Labor Day may have passed, but in Chicago school is still out for the summer. That’s because, for the first time in more than 25 years, the brothers and sisters of the Chicago Teachers Union are striking. Though they are already among the best-paid educators in the country, making an average of $76,000 per year in salary — plus benefits — the union is unsatisfied with an offer from the city’s board of education that provides them a 16 percent raise over four years, worth a total of $400 million. (The CTU’s original offer was for a 30 percent raise over two years.)
Accounts from both sides indicate that the sticking points are the maintenance of the union’s lavish benefits structure and a teacher-evaluation system that labor officials worry could — horror — result in the firing of large numbers of its most ineffective members.

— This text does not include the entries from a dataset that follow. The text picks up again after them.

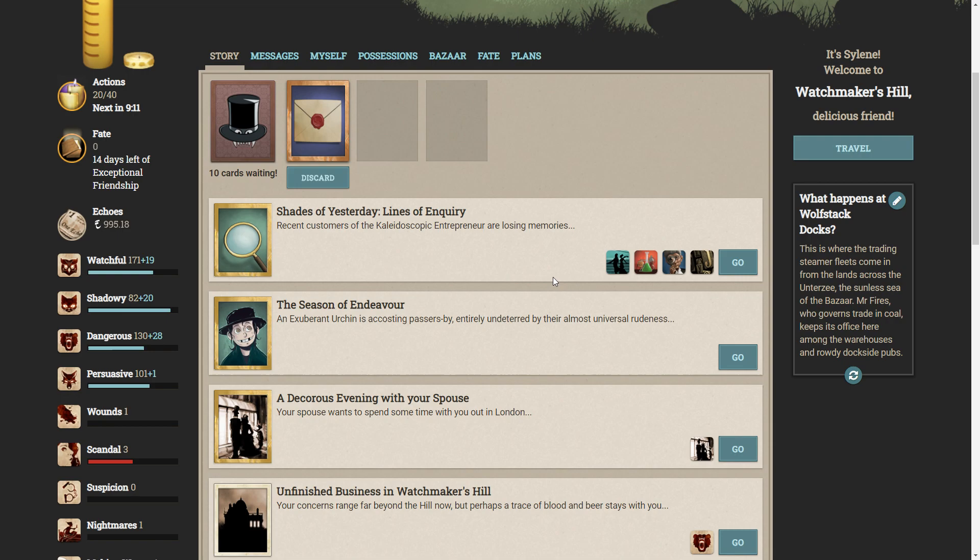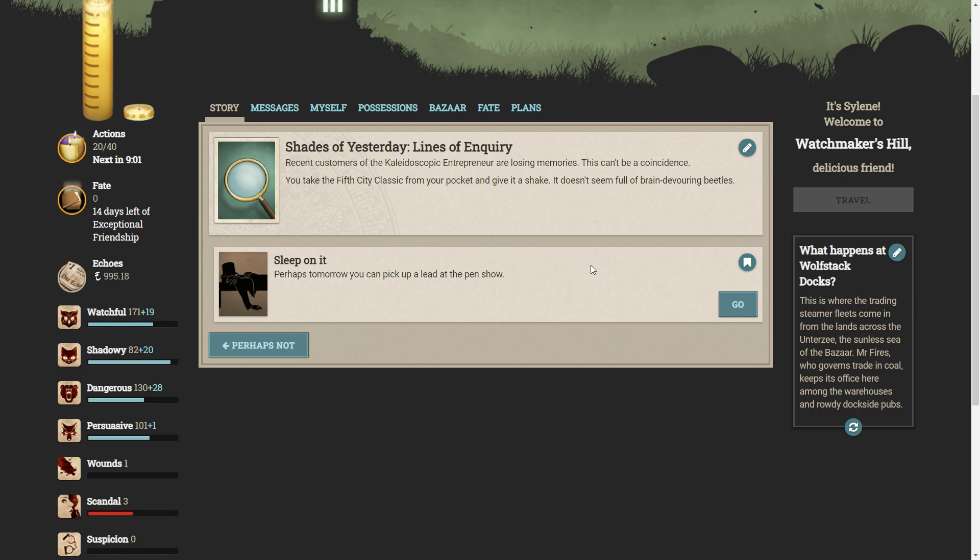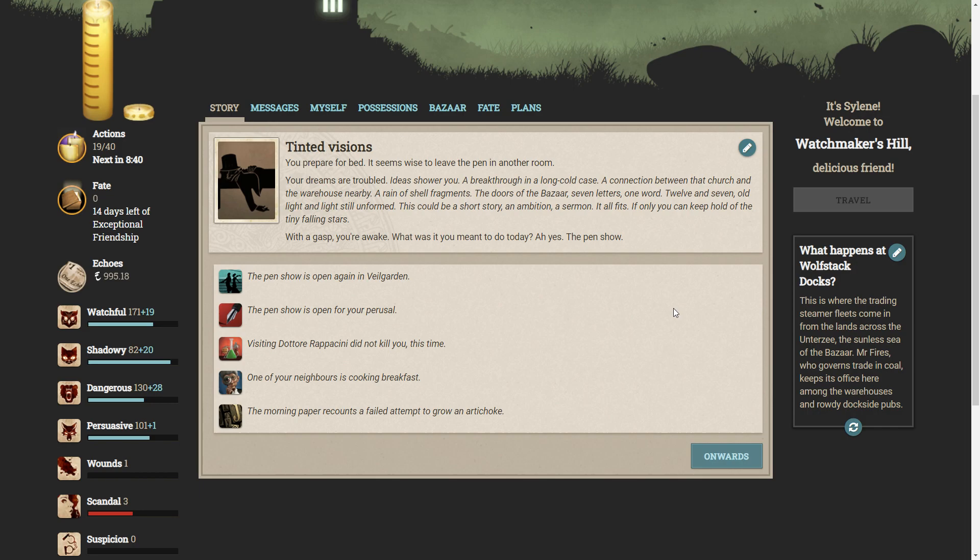But here are the lines of inquiry. Recent customers of the Kaleidoscopic Entrepreneur are losing their memories. This can't be a coincidence. You take the Fifth City Classic from your pocket and give it a shake. It doesn't seem full of brain-devouring beetles. Let's sleep on it. Perhaps tomorrow you can pick up a lead at the pen show. You prepare for bed. It seems wise to leave the pen in another room. Your dreams are troubled.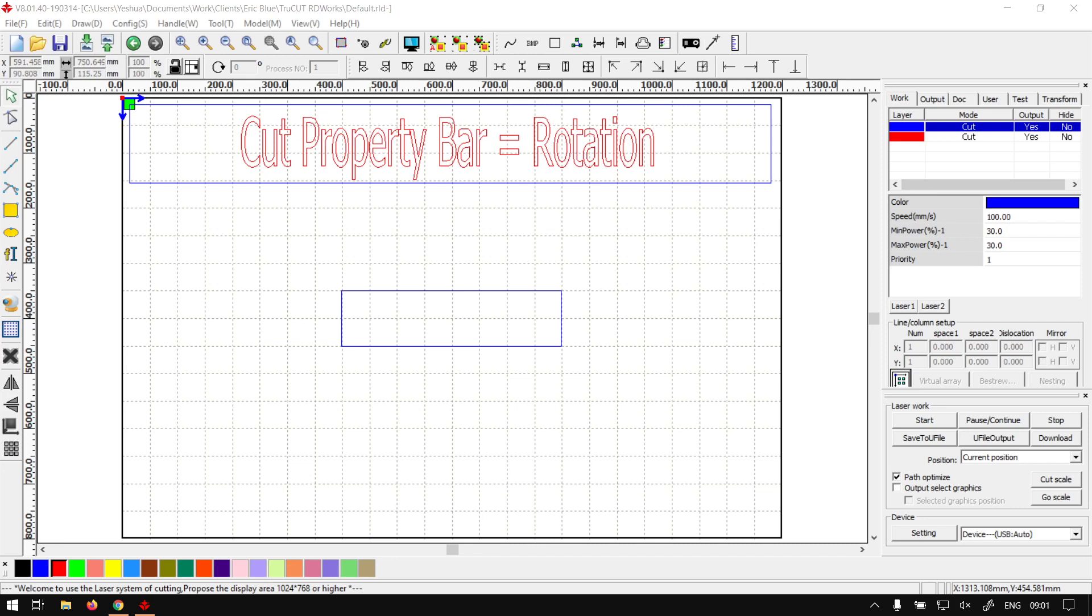Howdy guys, in today's video we're going to be looking at the rotation feature located on cut property bar. This will be for TrueCut RDWorks, but before that let's have a quick intro first.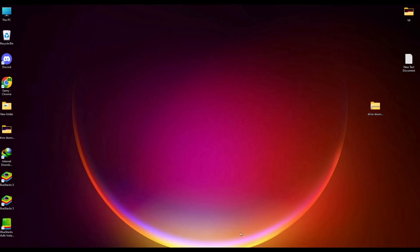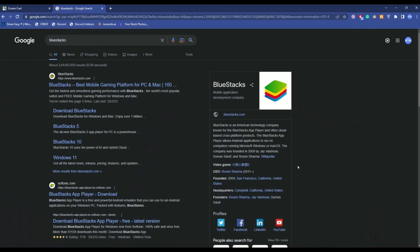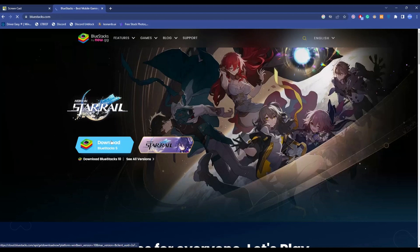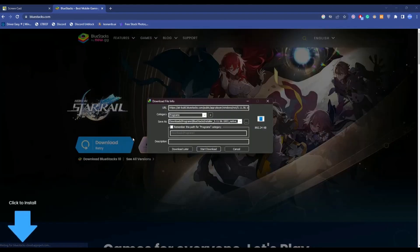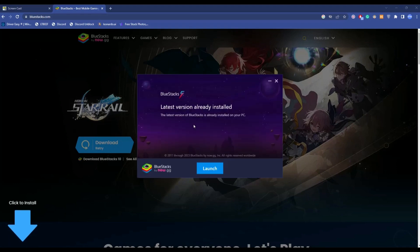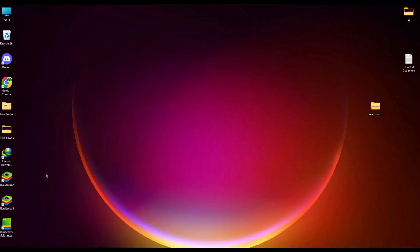For doing this, you will need an application called BlueStacks. Simply go to a browser and type BlueStacks, open the first link, then click on download BlueStacks. Download the application and start installing it. Click launch and the application will start installing. After the installation is complete, you will find shortcuts on your desktop screen.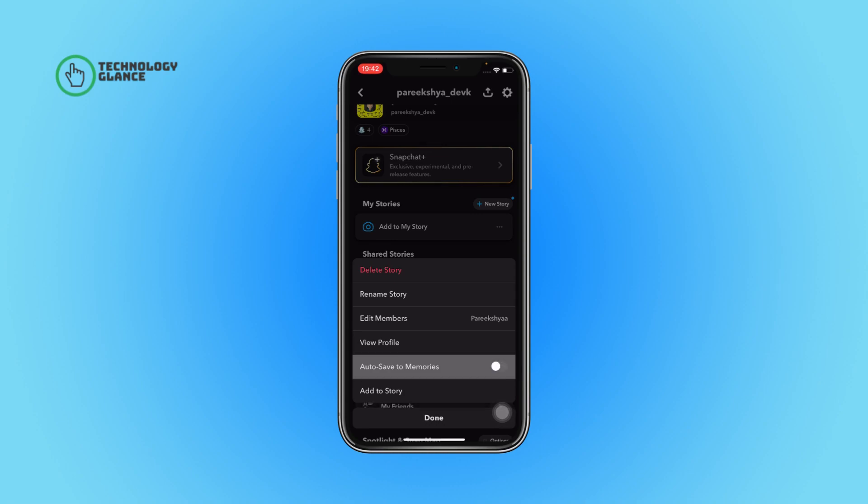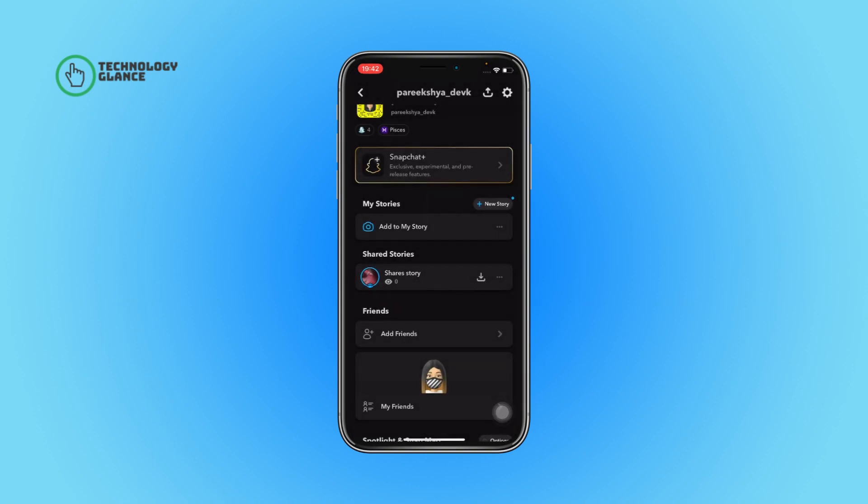Then tap on the Done button, and that's it. This is how you can auto save your shared Snapchat story.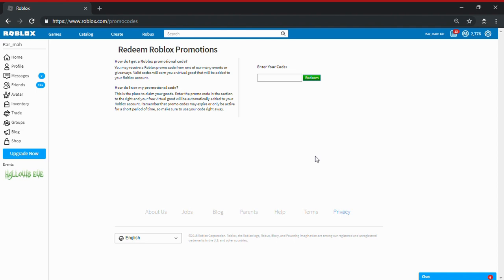Hello guys, it's Karma and I'm back with another video. Today we are on the Roblox website to get a new hat that they released for a promo code.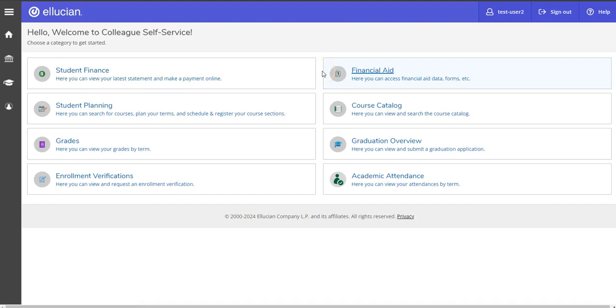All right, in Colleague Self-Service there are three important confirmations that you need to do prior to meeting with your advisor. So we'll just go in order here.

On the merits, the case isn’t close. Chicago teachers currently pay just 3 percent of their own health-care costs, and nearly three-quarters of new education spending over the last five years has been gobbled up by their retirement costs. This sort of thing isn’t sustainable in a strong economy in a well-governed city in a state with its fiscal house in order, much less in Chicago, Illinois, in the midst of President Obama’s lost decade. To put things in perspective, the Chicago Public Schools system is facing a budget shortfall roughly one and a half times the size of the salary-increase offer rejected by the unions, its bonds have been downgraded by two of the “big three” ratings agencies, and the state’s teacher-pension system is less than 20 percent funded.
The question of how best to evaluate teacher performance is a bit more complex, to be sure, but the CTU and the board negotiated the current evaluation matrix in good faith just last year, and the city even agreed to make the first round of evaluations consequence-free while work is done to tweak the formula. But the CTU is already pressing for changes that would deemphasize test scores, and is leading with the assertion not that such changes would more accurately measure performance, but that they would avoid the termination-for-cause of thousands of dues-paying members.
The proximate consequence of the union’s intransigence is that a mass of youths won’t be in classrooms, but on Chicago’s increasingly murderous streets. The contrast with the city’s 45,000 charter-school students, along with its parochial- and private-school enrollees — all of whom remain in their classrooms — is stark. The benefits of school choice are manifold, but not least among them is that your child’s education needn’t be held hostage by the whims of public employees who finance and staff the campaigns of their putative bargaining “adversaries.” That sort of thing doesn’t happen in competitive markets.